How to complete this task
Reproduce the closing run of lines below verbatim, from the line that contains "Large Paper Bag" up to and including the final line.

Records supplied
──────

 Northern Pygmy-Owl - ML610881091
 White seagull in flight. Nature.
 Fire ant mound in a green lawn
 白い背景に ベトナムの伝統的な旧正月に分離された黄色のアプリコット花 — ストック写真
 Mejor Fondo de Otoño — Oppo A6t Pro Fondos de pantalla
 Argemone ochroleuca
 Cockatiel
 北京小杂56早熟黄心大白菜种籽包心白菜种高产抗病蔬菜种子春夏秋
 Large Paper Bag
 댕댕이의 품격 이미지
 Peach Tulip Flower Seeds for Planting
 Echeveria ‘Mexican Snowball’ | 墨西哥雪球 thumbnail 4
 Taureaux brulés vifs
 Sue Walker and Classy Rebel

──────

Reply to the exercise
 Large Paper Bag
 댕댕이의 품격 이미지
 Peach Tulip Flower Seeds for Planting
 Echeveria ‘Mexican Snowball’ | 墨西哥雪球 thumbnail 4
 Taureaux brulés vifs
 Sue Walker and Classy Rebel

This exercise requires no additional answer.